We present evidence from a 1-year longitudinal study, using information from the Stroke Recovery in Underserved Population (SRUP) database, for the psychometrics of Center for Epidemiologic Studies Depression Scale (CES-D) in patients after stroke. This study included a sample of 828 adults, 55 years old and older with a first-time stroke, and admitted to one of eleven inpatient rehabilitation facilities in the United States. Confirmatory factor analyses indicated four-factor structure of the CES-D. Classical test theory and Rasch analyses further supported the reliability and validity of the CES-D. This measure allows investigators and clinicians to better characterize depressive symptoms in patients after stroke.
To examine the psychometrics of the Center for Epidemiologic Studies Depression (CES-D) for patients after stroke using both classical test theory (CTT) and Rasch analyses.

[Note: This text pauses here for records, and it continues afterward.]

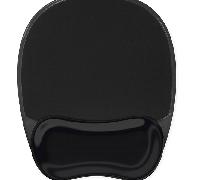 Alfombrilla Subblim Ergo Crystal Flex reposamuñecas gel precisión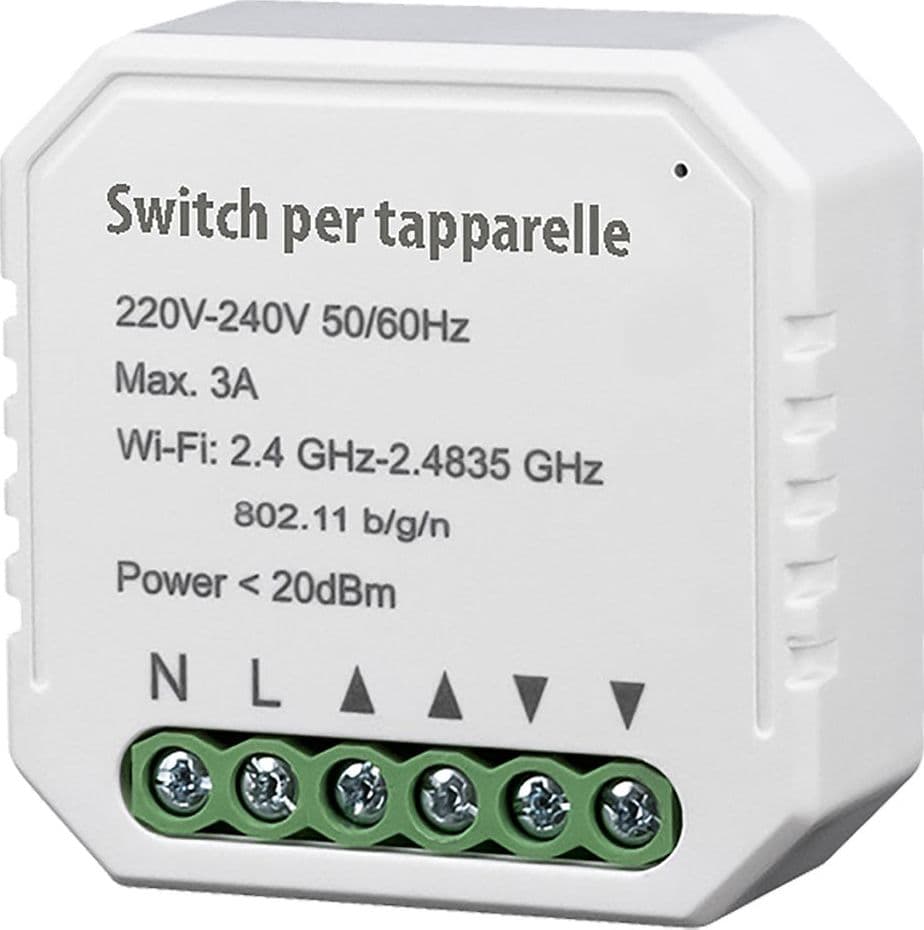 Rele' Elettronico per Tapparelle Carico Max Proxe 150W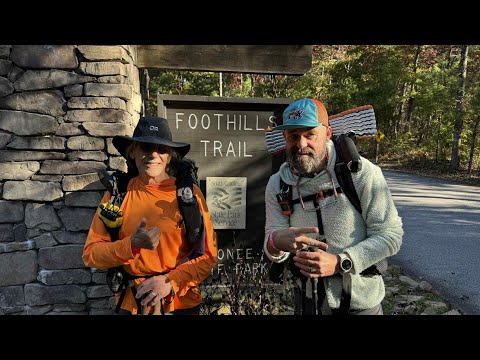 Foothills Trail Thru-Hike | Days 1 & 2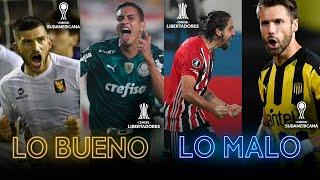 Lo BUENO y lo MALO del DEBUT de los CLUBES PERUANOS  en LIBERTADORES y SUDAMERICANA 2021  FECHA 1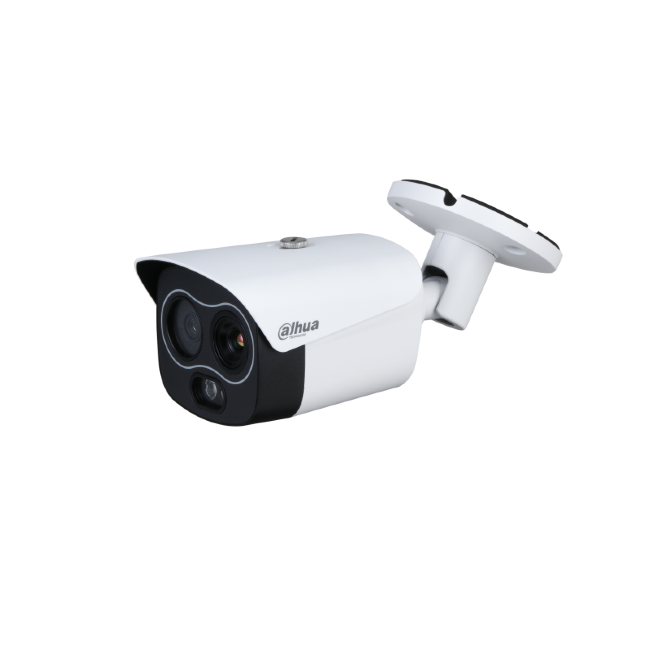 DAHUA DH-TPC-BF1241P-B10F12-S2 двухспектральная тепловизионная IP-камера с искусственным интеллектом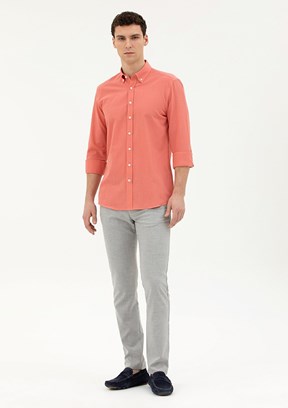 Pierre Cardin Gri Erkek Slim Pantolon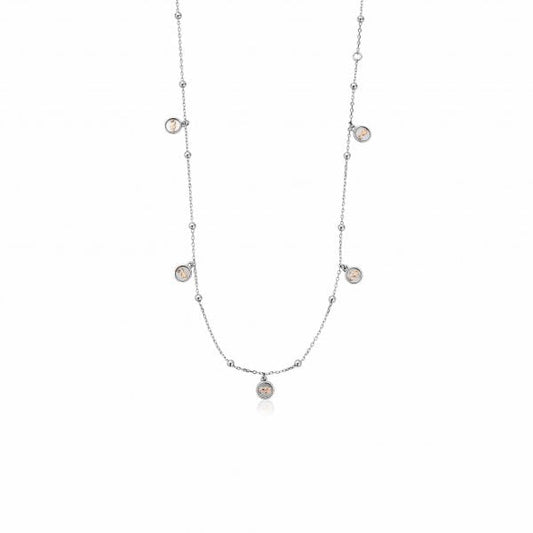 Insignia Sterling Silver Drop Necklace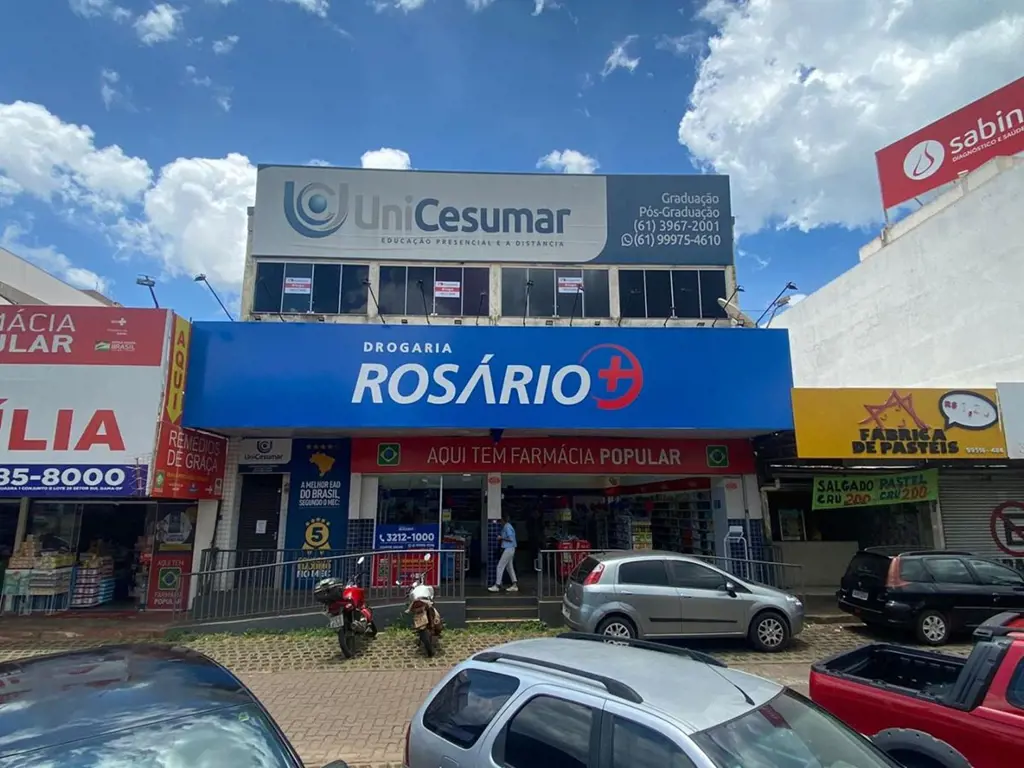 OPORTUNIDADE SOBRELOJA NO PISTÃO SUL DO GAMA;PRÉDIO AMPLO PROJETO INTELIGENTE, P...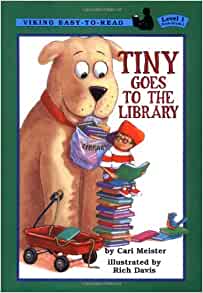 Tiny Goes to the Library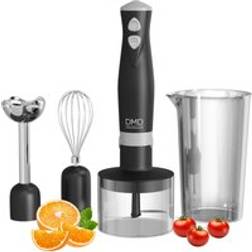 Dmd Matte Black 3-In-1 Hand Blender 700ml Beaker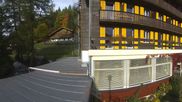 Archiviertes Webcam Bild: Wengen: Ausblick vom Hotel Bellevue am 20.10.2026 um 16:35 Uhr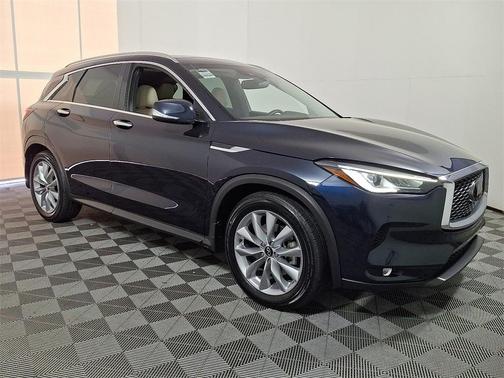 2022 INFINITI QX50 Luxe
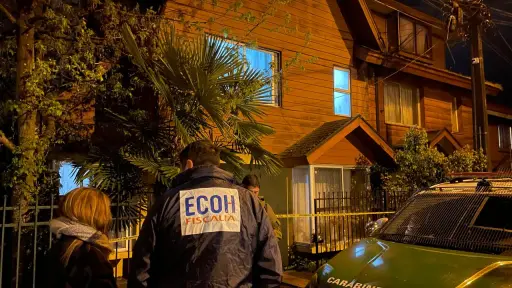 Parricidio en Chiguayante: madre habría disparado a sus dos hijos, una joven murió y su hermano está grave
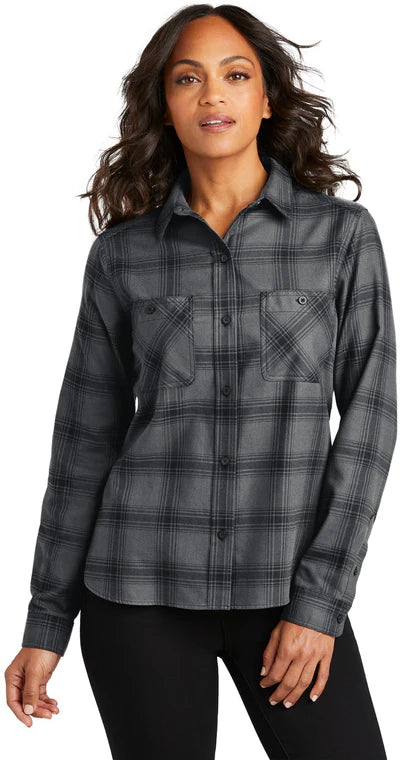 Port Authority Women's Plaid Flannel Shirt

A secondary data analysis of the Stroke Recovery in Underserved Population database (2005-2006), which was a prospective observational study with post-stroke patients.
Eleven inpatient rehabilitation facilities located across diverse regions of the United States.
Participants (or Animals, Specimens, Cadavers):
Patients (N=828) who received inpatient stroke rehabilitation and had complete follow-up data were included in the analysis.
Main Outcome Measure(s):
CES-D was administrated at discharge, 3-month, and 12-month follow-up.
Comparisons of competing models using confirmatory factor analyses indicated that the four-factor model (somatic symptoms, depressed affect, positive affect, and interpersonal difficulties) possessed the best model fit (CFI=0.98; TLI= 0.98; RMSEA=0.05). CTT analyses showed that the CES-D had satisfactory internal consistency (α=0.74-0.87). Rasch analyses supported the unidimensionality of each CES-D subscale with no misfit item. Rating scale analyses indicated the need to collapse response categories 2 and 3 of the somatic symptoms subscale. Reliability analyses indicated satisfactory item reliability but poor person separation of all subscales. A floor effect for persons and an uneven spread of items across the spectrum were observed. A total of 3 differential item functioning (DIF) items (depressed affect: 1; somatic symptoms: 2) across gender, and 1 DIF item (depressed affect: 1) across the time course of recovery were found but none of them reached practical relevance. All items of the somatic symptoms subscale indicated DIF across time.
We confirmed the four-factor structure of the CES-D, supporting the use of four subscales to characterize depressive symptoms in patients after stroke. We verified the psychometrics of the CES-D and reported its DIF items. Other supplementary instruments are needed when comparing somatic symptoms across the time course of recovery.